Emílio, assim como o quase, é uma espécie de sujeito oculto em si,
desses tipos que vivem em terceira pessoa, embora singularmente. Mas
voltemos ao quase, existe beleza e, por vezes, certa tristeza neles, costumam
viver bem naquela hora em que a ideia surge reluzente, antes de
parecer boba. Um lugar onde os sonhos não foram acordados e estão
se realizando, procriando sozinhos, onde aquela frase foi terminada,
a mensagem foi enviada, onde faz mais sentido ser do que estar. Os
quases moram lá, nesse lugar onde deixam de ser advérbios e passam
a ser deuses, a criar seus próprios verbos, os próprios destinos,
assim como Emílio, acho.
Meus quases poderiam ser catalogados em ordem alfabética ou grau de
importância, mas como nunca fui dada a esse tipo de organização,
acabo perdendo, esquecendo ou tropeçando nessas promessas
moribundas. Emílio poderia ser rockstar e pular na platéia suado
sem camisa, ou romancista e criar um personagem chamado Emílio que
gosta de filosofar com a caneta entre os dedos. Nem sei o que é de
Emílio hoje em dia, mas vez em quando, nesses momentos em que
ninguém está por perto, gosto de falar o nome dele em voz alta,
E-M-Í-L-I-O, só para ouvir o som das vogais se misturando
avantajadas, rendendo as duas únicas consoantes. Parece uma batalha
violenta, mas não, estão se roçando em movimentos delicados e
sensuais, parece uma dança, mas Emílio provavelmente nunca se deu
conta.
Tenho vontade de contar a Emílio tudo que sei sobre os quases, mas
ele deixaria de ser um dos meus favoritos, dos bem sucedidos, tão
bem sucedido... Tanto que às vezes penso ser eu a ideia inacabada
dele, como se nem tivesse chegado a me transformar em personagem e
agora eu estivesse me continuando sozinha, tropeçando nos meus
próprios conflitos enquanto ele assiste achando graça e torcendo
para que eu nunca me termine. Emílio é tóxico, dessas pessoas
vivas demais, você se aproxima e não quer mais sair de perto.

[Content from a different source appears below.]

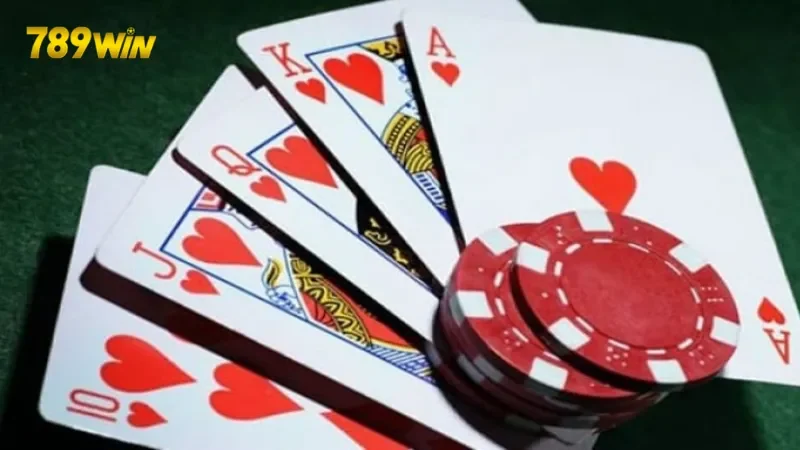 Các thông tin nổi bật về bài liêng 789Win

Depois que ele vai embora você continua tentando marcar o próximo
encontro, a próxima dose. Todos que conhecem Emílio são viciados
nele, mas ele não sabe ou finge não saber.
Mais uma vez, voltemos aos quases, o que estou tentando dizer é que
todo quase guarda em si o acidente da perda, por mais que resultem ou
sejam resultados de ganhos. Não sei ao certo como cheguei a esse
ponto, mas essa é a síntese do que penso sobre os quases e já não
tenho mais certeza se foi ideia minha ou de Emílio.